METR 4202/7202 — Robotics & Automation Problem Set II: Sensing & Perception Affine Adventure in Wonderland
“Take care of the sense, and the sounds will take care of themselves.” — Lewis Carroll (Alice in Wonderland, Chapter 9)
Objective
Robotics is a fine and wonderful subject!
Its sensing need not be a mad tea-party. Indeed, it can leave one grinning like a Cheshire Cat. This problem set investigates sensor processing as well as the nature of observers in the context of detecting, calibrating, localising, and tracking regularly-shaped objects.
The problem set has two associated submissions
and is to be completed individually. The aim of this problem set is to familiarise yourself with image processing techniques so that you are able to make a meaningful contribution to the team in the final project.
Tasks & Questions
Part A: Camera Calibration – Down the Rabbit Hole [40 marks]

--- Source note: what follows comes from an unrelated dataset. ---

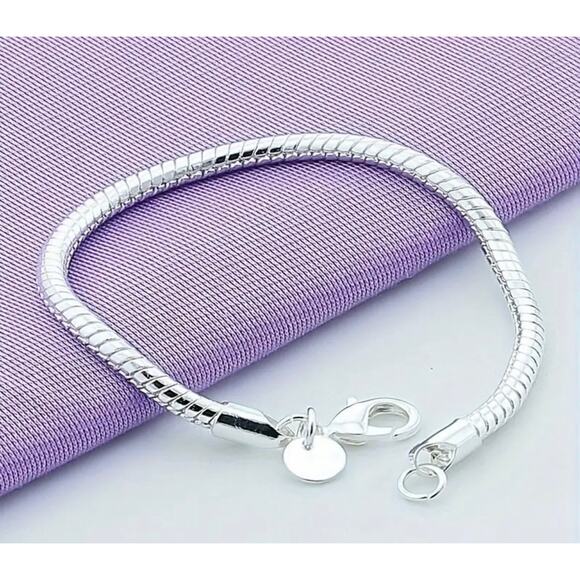 925 Sterling Silver Snake Bone Chain Bracelet and Necklce Set NWT Minimal Modern - Picture 3 of 5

In order to obtain a useful measurement, a camera needs to be calibrated. The calibration parameters that connect raw pixels images to 3D measurements are:
● focal length at the center (fc)
● principal point offsets from the center (cc)
● lens skew and distortion (ɑc)
● Orientation (Rc) and Position (pc) of the camera
Planar target camera calibration (Zhang’s method) uses multiple viewpoints of a calibration target with calibration determined by correlating known points on the target with observed points by the camera. A common target (used by Matlab’s camera calibration toolbox and OpenCV) is a black and white planar checkerboard as the corner points have high contrast allowing for (subpixel) precision even with noisy camera and target printing. Calibration will provide the intrinsics (perspective camera model parameters) and extrinsics (camera pose relative to the target).
Task 1: Once Upon A Time…. (5 marks) Use the provided 25mm checkerboard images to perform camera calibration on the sample images (and/or using a camera1). Return the camera intrinsics and extrinsics. You are welcome to use Matlab’s Camera Calibration toolbox to find these parameters.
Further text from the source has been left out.